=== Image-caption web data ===
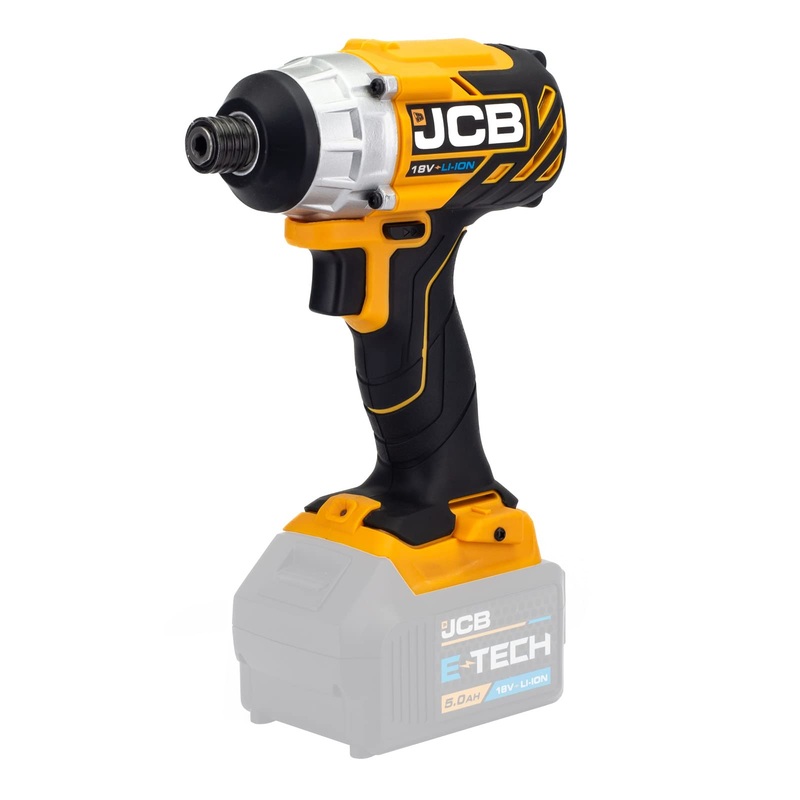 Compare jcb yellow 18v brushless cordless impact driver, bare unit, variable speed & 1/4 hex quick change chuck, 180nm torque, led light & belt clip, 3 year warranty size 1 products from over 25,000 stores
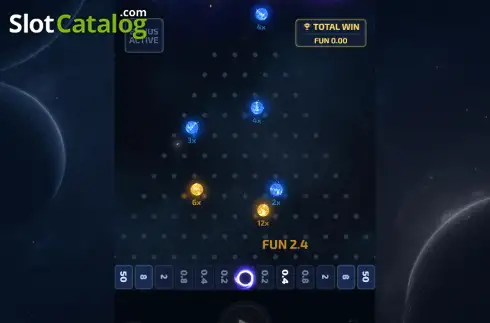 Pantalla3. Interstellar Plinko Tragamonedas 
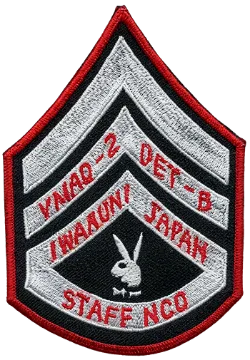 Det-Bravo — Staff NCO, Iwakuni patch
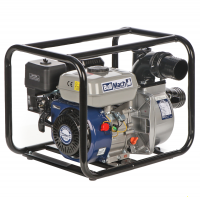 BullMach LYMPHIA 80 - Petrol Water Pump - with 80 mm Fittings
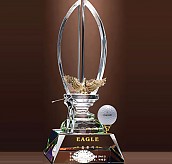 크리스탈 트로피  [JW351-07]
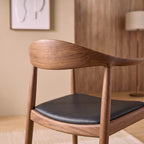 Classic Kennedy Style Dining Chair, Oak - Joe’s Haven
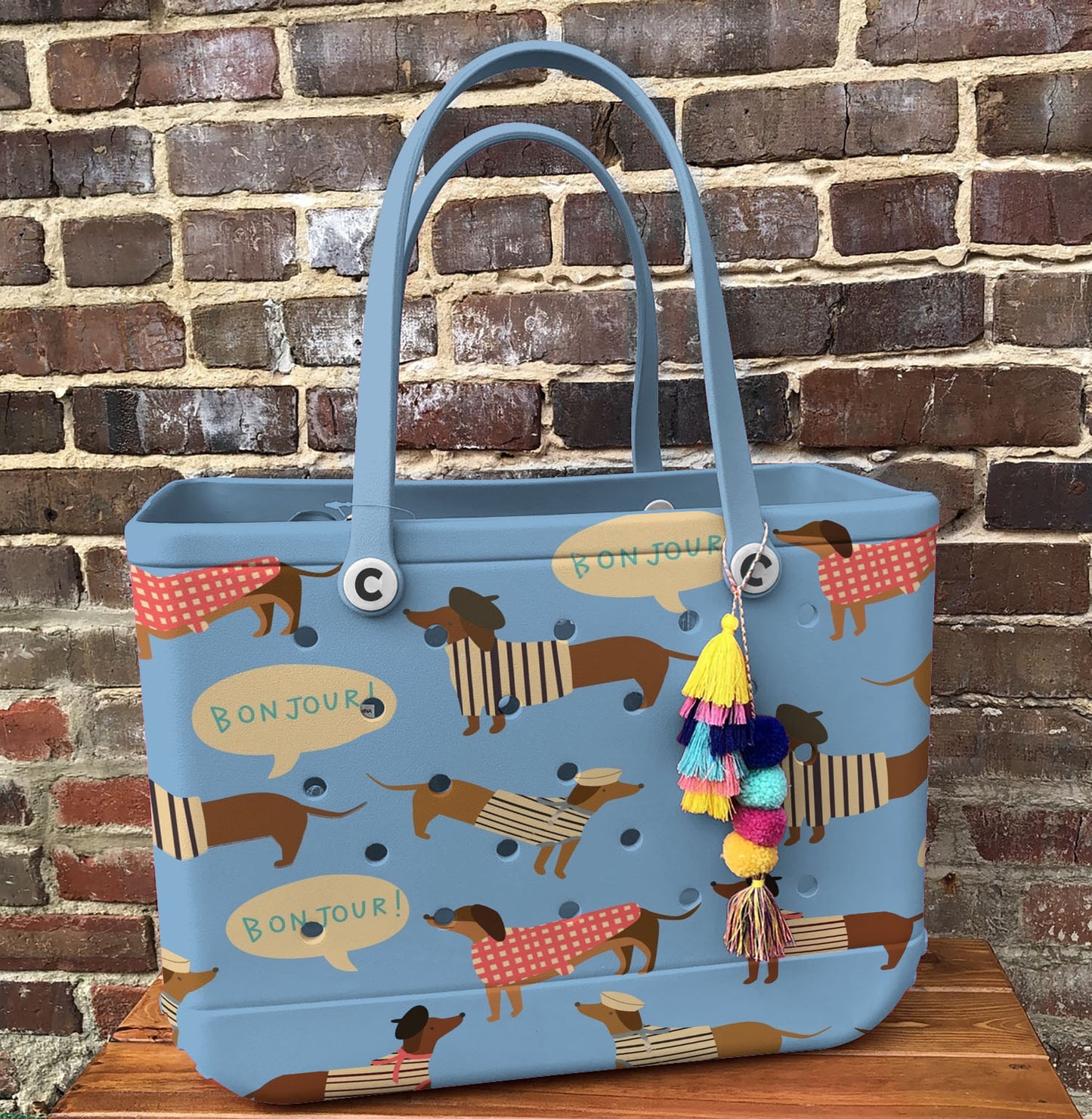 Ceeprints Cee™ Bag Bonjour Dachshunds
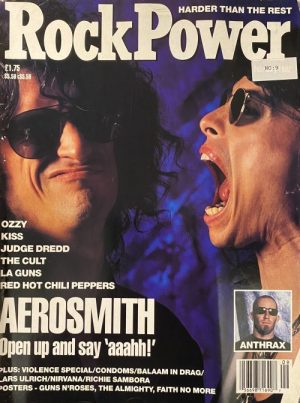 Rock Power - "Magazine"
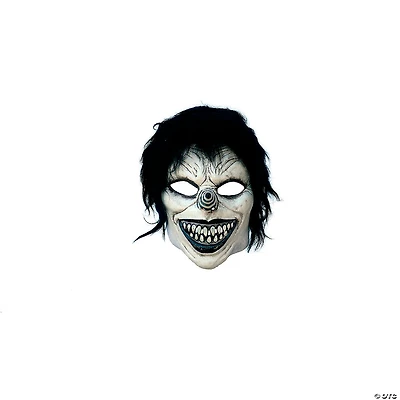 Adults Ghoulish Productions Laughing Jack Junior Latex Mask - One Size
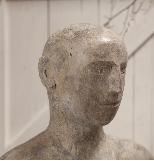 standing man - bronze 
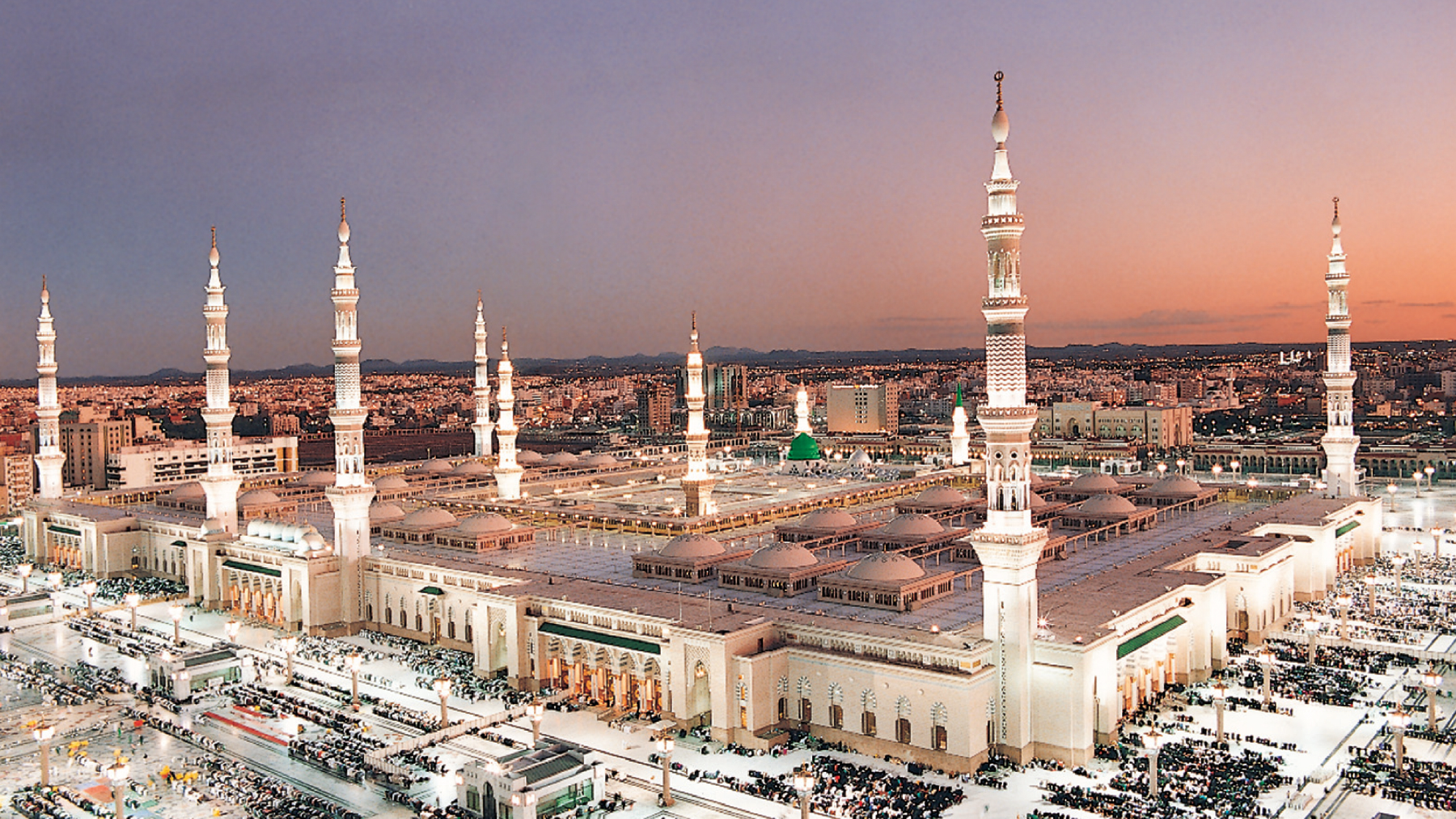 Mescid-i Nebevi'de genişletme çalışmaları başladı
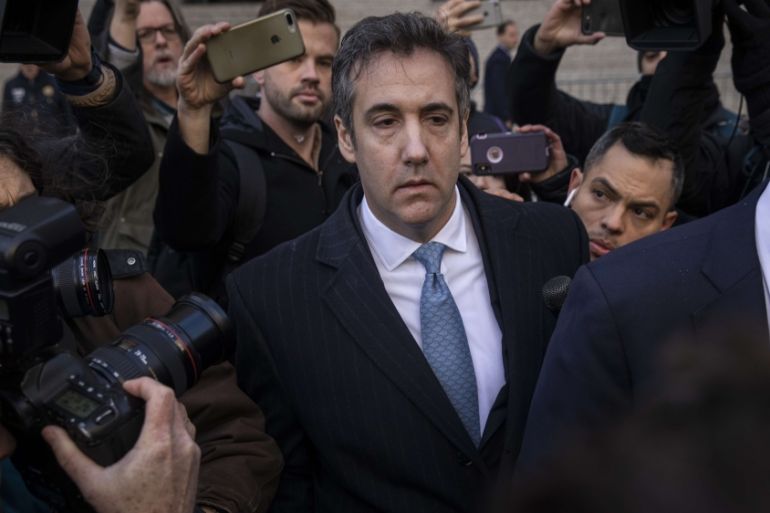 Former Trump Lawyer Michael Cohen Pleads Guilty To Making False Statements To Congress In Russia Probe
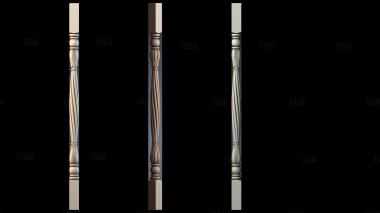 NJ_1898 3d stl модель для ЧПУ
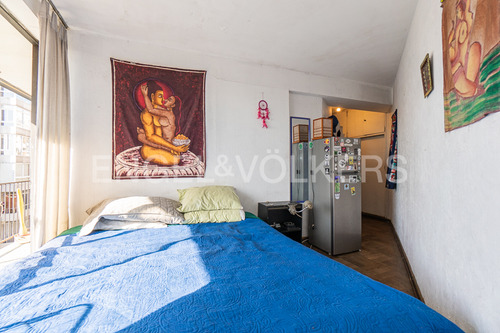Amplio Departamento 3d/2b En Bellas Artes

=== WORK ITEM ===
Write out exactly the lines from the one containing "Former Trump Lawyer" through the end of the records above, both included, leaving all pictures out.

=== SOLUTION FOR THIS TASK ===
 Former Trump Lawyer Michael Cohen Pleads Guilty To Making False Statements To Congress In Russia Probe
 NJ_1898 3d stl модель для ЧПУ
Amplio Departamento 3d/2b En Bellas Artes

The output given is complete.